→ **DATA EXTRACT**:
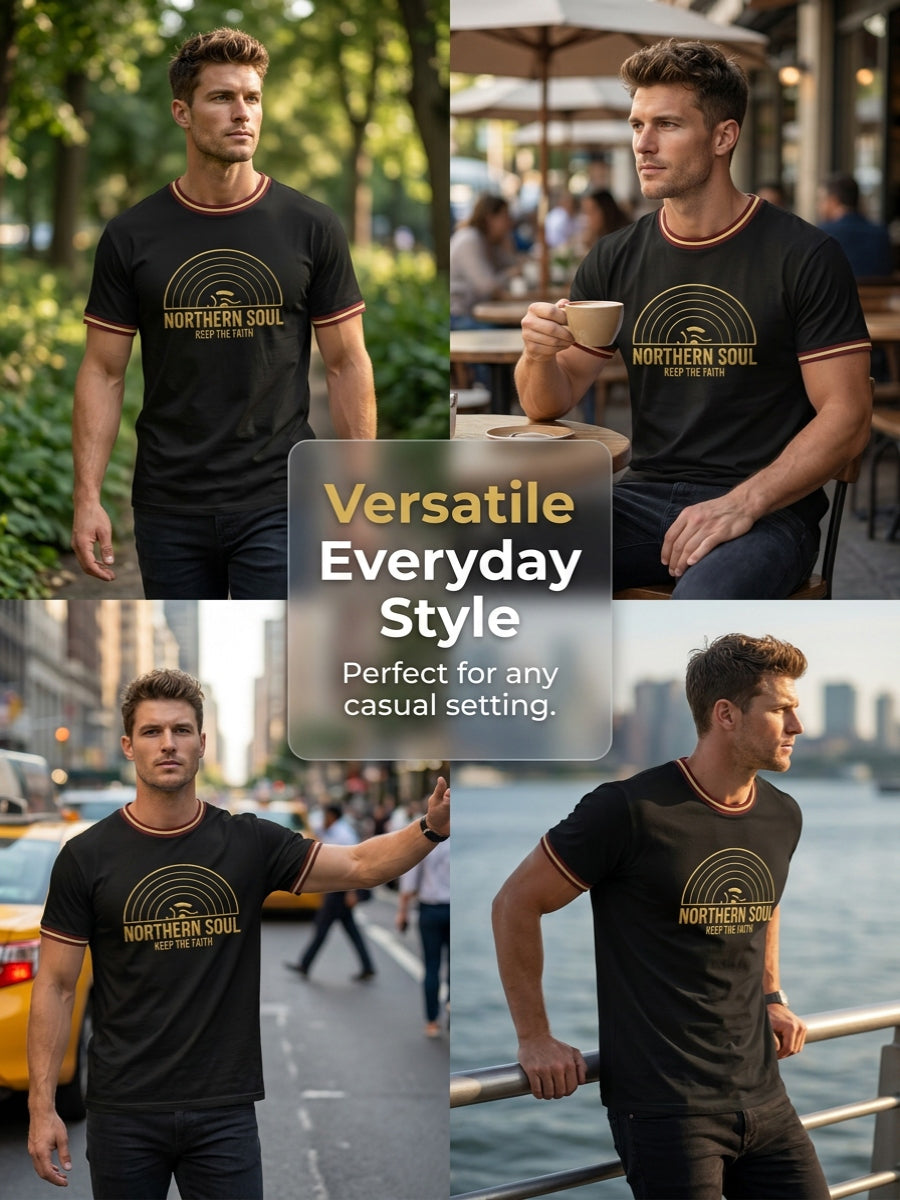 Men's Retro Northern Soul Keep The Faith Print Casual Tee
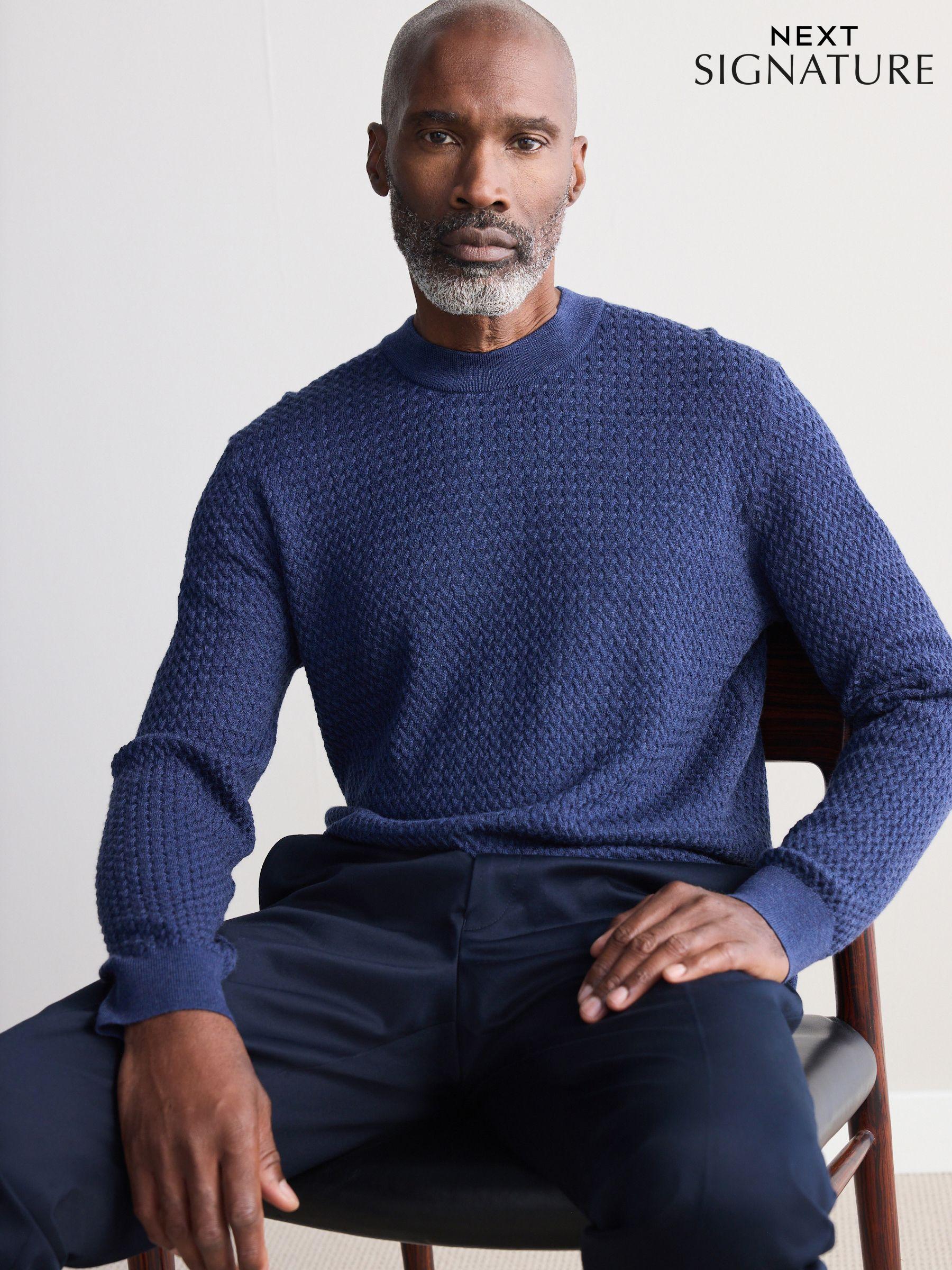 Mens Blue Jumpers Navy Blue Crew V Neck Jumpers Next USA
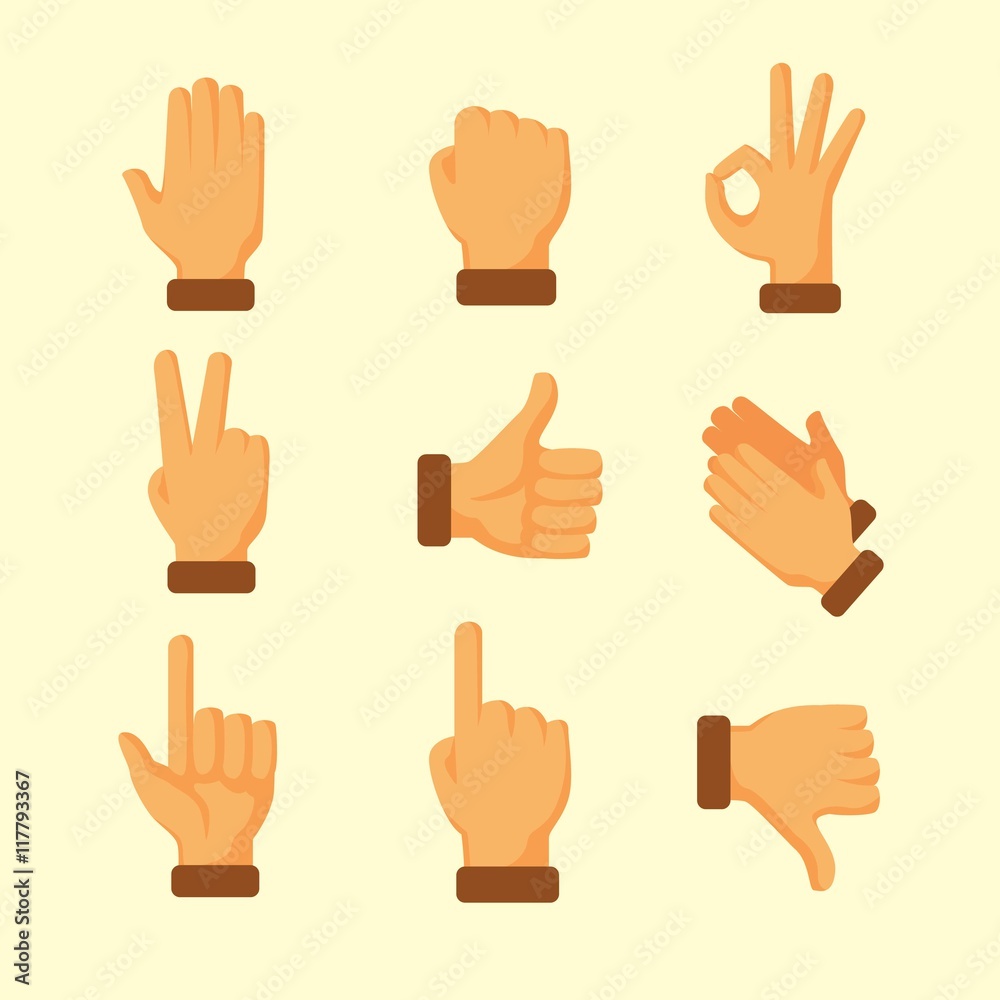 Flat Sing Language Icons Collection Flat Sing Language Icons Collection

→ **WORK TO BE COMPLETED**:
Reproduce the whole listing above character for character; pictures do not belong in it.

→ **TASK ANSWER**:
 Men's Retro Northern Soul Keep The Faith Print Casual Tee
 Mens Blue Jumpers Navy Blue Crew V Neck Jumpers Next USA
 Flat Sing Language Icons Collection Flat Sing Language Icons Collection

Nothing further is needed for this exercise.